HOT TYPE
The Mysterious, Anonymous Author Elena Ferrante on the Conclusion of Her Neapolitan Novels
The Community Bookstore in Park Slope is not the sort of place you might imagine a West Side Story–style rumble to break out, and yet fans of the wildly successful epic meta-fiction novels of Elena Ferrante, author of the Neapolitan series, and Karl Ove Knausgaard, author of My Struggle, have on more than one occasion nearly come to blows. Not surprisingly, fans of Ferrante’s innovative, swiftly moving, ruthlessly true-to-life tale of female friendship are quicker to the punch than fans of Knausgaard’s languorously paced, nostalgic, navel-gazing domestic drama. Allegedly, glasses have been smashed, goatees set ablaze, and fountain pens unsheathed with the promise that, “I will shank you.”

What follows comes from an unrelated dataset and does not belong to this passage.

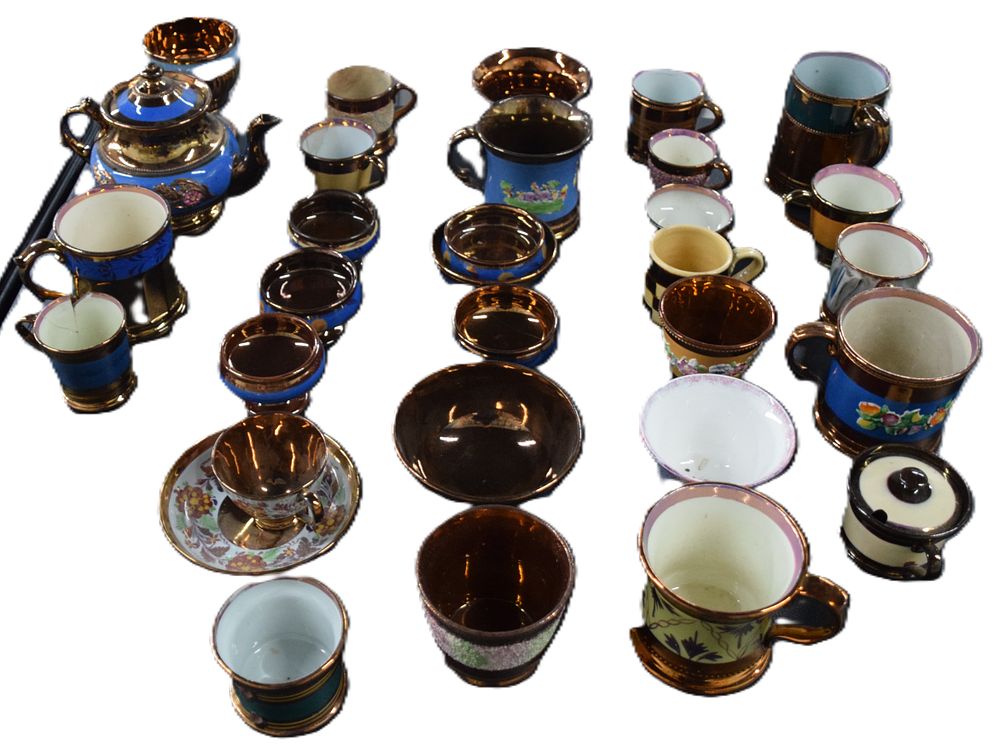 Lot 168: 30 Copper Luster Table Items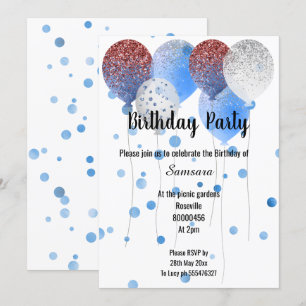 CONVITE PONTO BRANCO DE BALÃO DE ANIVERSÁRIO VERMELHO E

Passions run high when you’re talking about Ferrante and her work, particularly her sensational, highly addictive Neapolitan novels, which paint a portrait of a consuming female friendship against the backdrop of social and political upheaval in Italy from the 1950s to the present day. My Brilliant Friend,The Story of a New Name, and Those Who Leave and Those Who Stay have made Ferrante, an enigmatic figure who writes under a pseudonym, and is widely regarded as the best contemporary novelist you’ve never heard of, a worldwide sensation. With the highly anticipated publication of the fourth and final book, The Story of the Lost Child, out this September, Ferrante fans are in a white-hot lather—and they should be.